The three other loaves were each more subtle.  A sourdough ficelle from Eli’s had a lovely dense texture, with a more complex sourdough flavor than the La Brea.  The loaves from Tom Cat and Amy’s were the lightest of the five, with the crispest crusts and most delicate textures and flavors.

Your verdict depends on how you feel about bread.  If ordinary supermarket bread is your point of reference, parbaked loaves are an improvement.  But for a demanding bread lover, the parbaked compromise is not worth it.

Hear, hear.

I must say, the responses I’ve received, both in blog comments and in e-mails, have been extraordinarily cheering, helping me to feel that I am not just some lone crank in the universe on this issue.  Thank you, dear friends.  I hope that there are more of you out there.  If I build it, will you come?

Posted by Bakerina at 01:23 AM in anger is an energy • (12) Comments • (0) Trackbacks

having gone through the y2k boom years, i’m a little less than sympathetic for most unemployed techies, the ones i know, at least.  back then there was such a hysterical labor shortage, employers were hiring anything that moved, and even things that just sat there, and everyone was job-hopping like methed-out bunnies, raking in the dough as hourlies doubled and doubled again.  i recall once at pricewaterhousecooperslybrandtomatsuboynamedsusu, i needed some money for parking and the secretary gave me a $100 bill because that was all there was in the petty cash box.  it was then i knew the boom couldn’t last.

orionoir on 03/11/04 at 09:31 AM  

Michael, your point is good.  The boom years were indeed filled with more money than sense, and I’m sure there were plenty of overemployed techies who didn’t shed a tear for those folks in the manufacturing sector who saw their jobs go to Mexico, techies who are now suddenly shocked, shocked! to see that their jobs are not exempt from the same fate.  My point—admittedly a point that I did not make clear because I was too hot to get to the bread rant—was that jobs that I had thought would be impervious to offshoring are not.  The focus of the FC article was high-tech jobs, but a sidebar mentions that the most at-risk positions for offshoring include accounting, customer service and quality assurance management.  I’d always thought that the point of a QA manager was to have someone on-site at the point of manufacture who could isolate, identify and fix a problem with minimal turnaround time.  Apparently that’s not the case anymore, and if our QA manager’s job can be sent to India, why can’t mine?  Job security has become a chimera in this country, and if I have to live like this, I’d much rather live in a way where I can call as many shots as possible.

Bakerina on 03/11/04 at 10:37 AM  

Ever read “The Millionaire Next Door?” You should.  a) wealthy people own their own businesses, b) the vast majority of the well-to-do started their own businesses because c) they didn’t have a job, or had a crappy job, or felt the need for a job security not owned by someone else.  92% of all dyslexics, for instance, own their own business, because they have such a difficult time operating in a “regular” office - and that does not mean all dsylexics are poor. wink

Courtney on 03/11/04 at 11:07 AM  

Right now, these par-baked breads are new to people, and the folks that will continue to buy them are not likely to be the same folks who went out of their way to buy real bread from real bakeries.

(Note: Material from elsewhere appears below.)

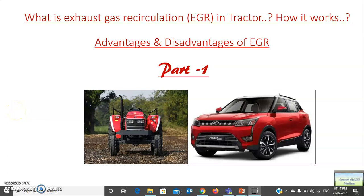Hello friends, I hope you all are doing well. Today I am going to make a video on Exhaust Gas Recirculation (EGR), which is being used in tractors — how it works, and what are the advantages and disadvantages of using EGR technology. This video will come in two parts; part one I am making today and part two will come tomorrow.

Par-baked Ciabatta--humph.

Vicki Smith AKA CalGal on 03/11/04 at 11:17 AM  

NYC is filled with serious foodies, and we are taught in this country to follow our dreams, that anything is possible if only we believe it hard enough. So if you are going to do this, do it while you still have the energy and optimism of your youth to follow your art. ( I want some bread.)

molly on 03/11/04 at 11:26 AM  

If you build it, I will make pilgrimages as if to Mecca, bowing toward your ovens at dawn.

Snowball on 03/11/04 at 12:09 PM  

mmmm… bread… want bread… good bread…

Jo on 03/11/04 at 08:25 PM  

Regarding your little cartoon - you have to capture your screen, then use that image and edit it in Photoshop.

Pauly D on 03/11/04 at 09:22 PM  

All this insightful commentary and useful anger and all I can think of is, ‘welcome to the jungle, we got fun and games.’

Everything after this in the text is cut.